Prendete ad esempio il calcio inglese. Che sconvolto dalle tragedie delle stragi dell’Heysel prima (1985, Juventus-Liverpool, 39 morti) e di Hillsborough poi (1989, Liverpool-Nottingham, 90 morti), bandito dall’Uefa da tutte le coppe per 5 anni e col governo che ridisegnò le norme di sicurezza degli stadi obbligando i club a ristrutturarli a norma o a costruirli ex novo eliminando le barriere tra gli spalti e il terreno di gioco, a installare telecamere di sicurezza ovunque e a prevedere solo posti a sedere numerati in sostituzione delle vetuste gradinate, fece sì che i club di Prima divisione della Football League – che aveva 4 divisioni – dessero vita nel 1992 alla Premier League. Fino a quel momento il calcio inglese si era svolto all’insegna del massimo egualitarismo: i soldi dei diritti tv pagati dalla Bbc venivano divisi in parti uguali tra tutti i club di tutte e 4 le divisioni (immaginate oggi Juventus, Palermo, Fermana e Pro Palazzolo che si dividono la stessa quota di soldi di Dazn e Sky) e solo nell’85 si era passati a una distribuzione più modulata: 50%, 25%, 12,5% e 12,5%. Ancora: una norma prevedeva che il 20% dell’incasso al botteghino finisse nelle tasche del club ospitato (un po’ come se Inter e Milan che a ogni match fanno 70 mila spettatori dessero un quinto dell’incasso all’Empoli, al Sassuolo e via dicendo).
Insomma: giuste o sbagliate che fossero le ragioni su cui i club ragionarono, la nascente Premier League decise con molto cinismo ma con molta lucidità – visto che alla fine tutto il movimento ne beneficiò – di cambiare tutto. A cominciare dai diritti tv sottratti alla Bbc e venduti a Murdoch (BSkyB) per la cifra allora considerata astronomica di 304 milioni di sterline per sole 60 partite. Quanto valgano oggi i diritti del calcio inglese è noto a tutti. Solo per il mercato estero la Premier riceve 2,1 miliardi a stagione cui si aggiungono i 2 del mercato nazionale; per capirci, la Serie A italiana ricava dal mercato mondiale 200 milioni, un decimo della Premier.

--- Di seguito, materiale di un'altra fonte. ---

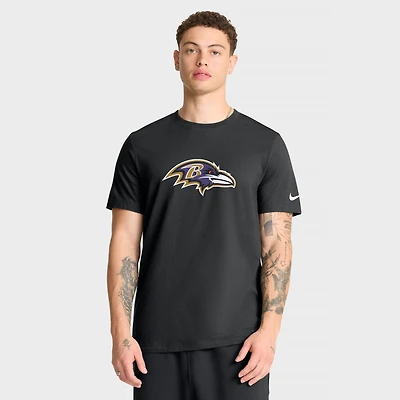 T-shirt Nike violet pour homme avec logo essentiel des Ravens de Baltimore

Ma tornando a bomba: per quale motivo, dunque, nel 2004 il nostro calcio mutò il format della Serie A portandolo da 18 a 20 squadre? La riposta è: per sbaglio. O per caso, come preferite. Successe che nel campionato di B 2002-03 il Catania, retrocesso, vinse una lunga guerra legale con la Figc facendo annullare tutte e 4 le retrocessioni. La B ripartì così nel 2003-04 con 24 squadre e per snellirlo venne deciso che a fine torneo ci sarebbero state 5 promozioni in A e 3 sole retrocessioni dalla A alla B. Fu così che la Serie A passò da 18 a 20 squadre: non per volontà, non per programmazione (giusta o sbagliata che fosse), ma per caso. E certo non solo per questo, ma tutto cominciò ad andare a rotoli. Poi un giorno arrivò Gravina.